6. The Remortgage Process: How Valuations Fit In
Understanding how the valuation fits into the broader remortgage process can help you prepare and ensure a smooth transaction.
6.1 Step-by-Step Remortgaging Process
- Research and Compare Mortgage Deals: Start by comparing remortgage deals from different lenders. Pay close attention to interest rates, fees, and whether the lender offers a free valuation.
- Submit Application: Once you choose a remortgage deal, you’ll need to submit a formal application, including details about your current mortgage and financial situation.
- Valuation Ordered: After receiving your application, the lender will order a valuation. Depending on the type of valuation, this could be an AVM, desktop, drive-by, or full physical inspection.
- Valuation Report: The lender will receive the valuation report, which outlines the current market value of the property.
- Offer Decision: Based on the valuation and your financial information, the lender will make an offer, including the mortgage amount, interest rate, and terms.

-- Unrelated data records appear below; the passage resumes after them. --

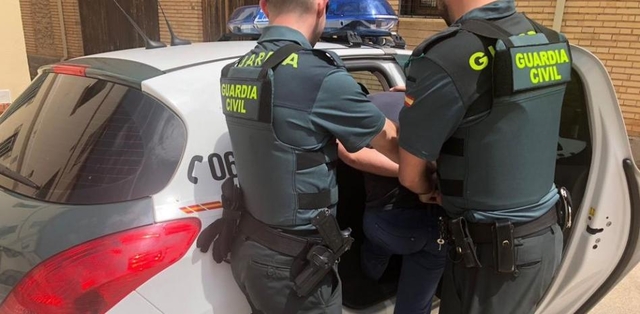 SUCCESSOS: Vuit detinguts, una dona a Gavà, d'una banda que obligava dones estrangeres a prostituir-se al Bages i l'àrea metropolitana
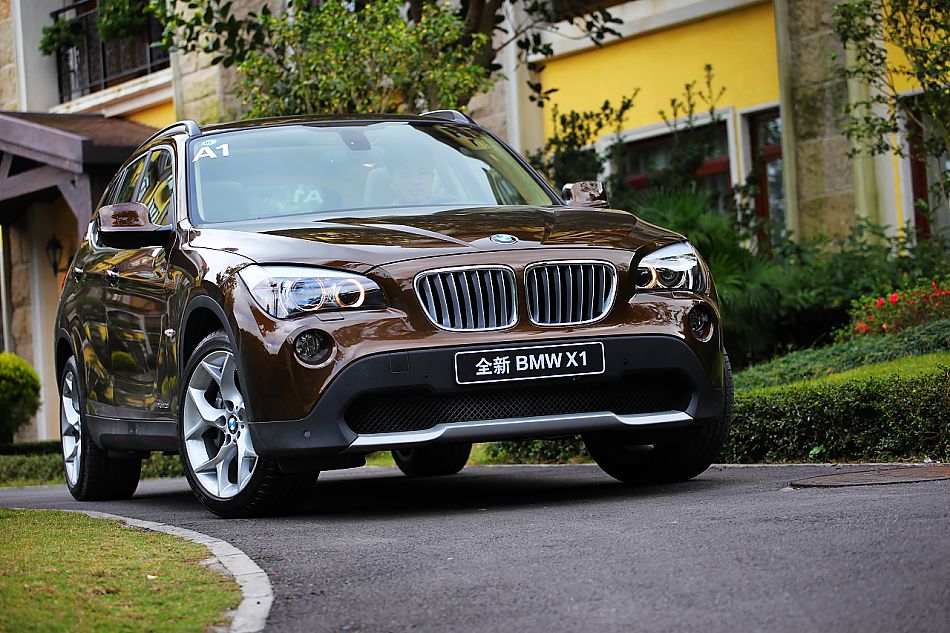宝马X1 xDrive28i外观图片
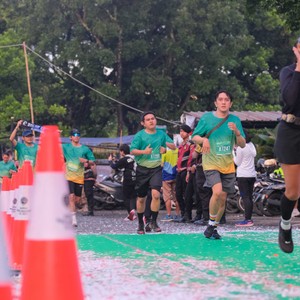 Race photo from BAUR RUN 2025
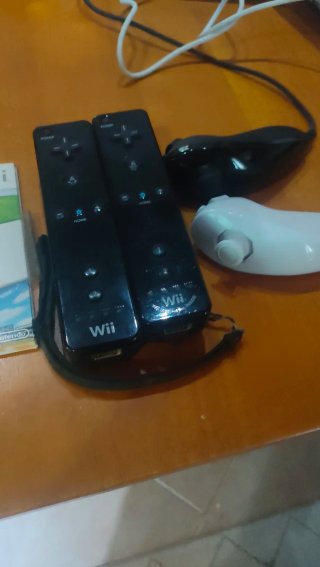 Consola Nintendo Wii Negra + Wii Sports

- Finalizing the Remortgage: Once you accept the offer, your lender will work with your solicitor to finalize the remortgage, pay off your old mortgage, and transfer the new loan.
7. Alternatives to Lender Valuations
If you disagree with the lender’s valuation or want to ensure accuracy, you can opt for an independent valuation. Independent valuations are carried out by qualified surveyors and provide an unbiased assessment of the property’s value.
- Cost: Independent valuations typically range from £300 to £800, depending on the property’s size and location.
- Advantages:
- Offers a second opinion if you feel the lender’s valuation is inaccurate.
- Can be used in negotiations with the lender to secure a better deal.
- Disadvantages:
- The cost is borne by the homeowner and is not typically refunded, even if the independent valuation differs from the lender’s assessment.
8. Choosing a Valuation Method for Remortgaging
When remortgaging, the type of valuation used can affect both the cost and outcome. Here’s how to decide which method is right for you:
8.1 AVM or Desktop Valuation
- Best for: Standard properties in stable markets, when you don’t expect the valuation to significantly impact the loan terms.
- Cost: Free or low-cost.
- Limitations: May not account for improvements, extensions, or unique property features.
8.2 Drive-By Valuation
- Best for: Properties where the external condition is a good indicator of the overall value.
- Cost: Mid-range.
- Limitations: Does not account for internal issues that could affect the property’s value.
8.3 Full Physical Valuation
- Best for: Older properties, homes with significant improvements, or properties with potential structural issues.
- Cost: Higher.
- Advantages: Provides the most accurate and detailed assessment, ideal for securing the best remortgage terms.
Conclusion
House valuations are a crucial step in the remortgage process, influencing how much a lender is willing to lend and what interest rates you may qualify for. Valuation costs vary based on the type of valuation, the size and location of your property, and the lender’s policies. While some lenders offer free or low-cost valuations, homeowners should be aware of potential fees, especially for full physical or specialist valuations.
In most cases, the cost of a valuation is outweighed by its importance in securing the best possible remortgage deal. A higher valuation can reduce your loan-to-value ratio, resulting in better interest rates and more favourable terms. However, an inaccurate or low valuation can limit your options, so it’s essential to choose the right valuation method and, if necessary, seek an independent opinion.
By understanding the different types of valuations and their associated costs, homeowners can make informed decisions that maximize the benefits of remortgaging. Whether opting for an AVM, desktop, drive-by, or full physical valuation, being prepared and knowledgeable will help ensure a smooth and successful remortgage process.